McCrory responded by saying, “This is the first I’ve heard of this. It is just amazing, this attack on the private sector. … I had 34 years of business experience with Duke Energy, which I am very proud of. I was employed by them the whole time I was mayor. Never was there a question of ethical indiscretion.”
Dalton later responded, “I think that is a pretty significant indiscretion.”
Context: The case of Charlotte v. Cook went to the N.C. Supreme Court in 1998. The case involved an action taken by the Charlotte City Council in 1994 in condemning part of the Cook farm to acquire an easement for a water line that Duke Power Co. needed. The case was complicated because it involved Crescent Electric Membership Corp. as a middleman to purchase to the tract.
The N.C. Court of Appeals ruled that the City of Charlotte exceeded its authority when it voted to condemn the Cook property. The N.C. Supreme Court reversed the decision and ruled in favor of the city. But the Supreme Court raised questions about the role of McCrory, who was then mayor pro tem.
McCrory signed an affidavit saying he would have recused himself if he’d known the vote benefited Duke. But during the court proceedings, internal Duke emails were produced from Larry Shephard, the project manager at Duke. In one of the emails, dated March 22, 1994, Shephard wrote, “I will contact Pat McCrory to let him know what this is about. He may be able to influence others, but he will most likely have to not vote given the possible conflict of interest.”
“The mayor pro tem of the city was an employee of Duke Power Co.,” the Supreme Court said in a majority opinion. “The mayor was absent from the meeting at which the City Council voted to condemn the property, and the mayor pro tem presided over the meeting. The mayor pro tem voted to condemn a fee-simple title. He filed an affidavit in which he said that if he had known Duke Power Co. was involved in the matter, he would not have participated in the meeting. There was some evidence that he knew Duke was involved. The defendants say this makes the action by the Council arbitrary and capricious. We cannot so hold. An ethical problem involving the Council has to rise to a much higher level than this one for us to upset a decision by the Council.”
In a dissenting opinion, Justice I. Beverly Lake, a former Republican nominee for governor, went even further.
“I must respectfully dissent because I believe this decision, while satisfying two of our corporate giants, works a grave injustice upon innocent and powerless people and impairs the law on the taking of private property for a public purpose,” Lake wrote. “The record evidences multiple Duke power internal email messages and memoranda that Duke Power and the City collaborated to have the City acquire a fee-simple title to the property in order that Duke could provide the power to the plant. These email messages indicate that the mayor pro tempore of the City, an employee of Duke Power, as well as the project director had contact with Duke Power officials and discussed condemning a fee-simple interest for the project. The mayor pro tempore (McCrory) chaired the 12 September 1994 City Council meeting where the subject of condemning a fee simple was discussed, and he voted in favor of a fee-simple condemnation.”
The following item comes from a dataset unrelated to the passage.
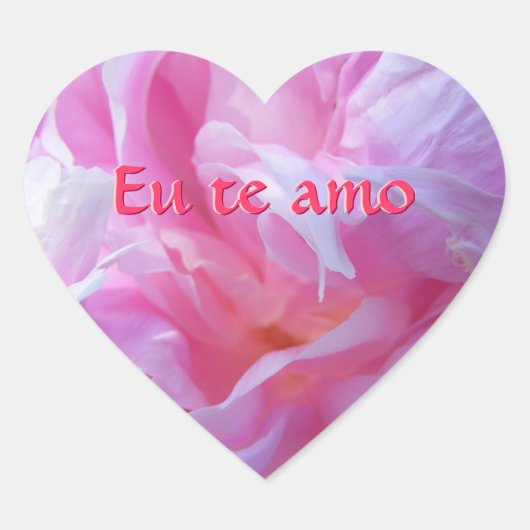 Pink Peony Heart Stickers (Vorderseite)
After Tuesday’s debate, McCrory told reporters he had “no idea” what Dalton was talking about. But the controversy was brought up during his 2008 run for governor in an article by the Durham-based publication The Institute for Southern Studies, called “Election 2008: Is N.C. Gubernatorial candidate Pat McCrory too close to Duke Energy?” by reporter Sue Sturgis.
Ruling: Dalton is correct that the N.C. Supreme Court in general, and Lake in particular, found reason to believe that McCrory had at least skirted an ethical line if not crossed it. Whether this constitutes “a significant indiscretion” is a matter of opinion.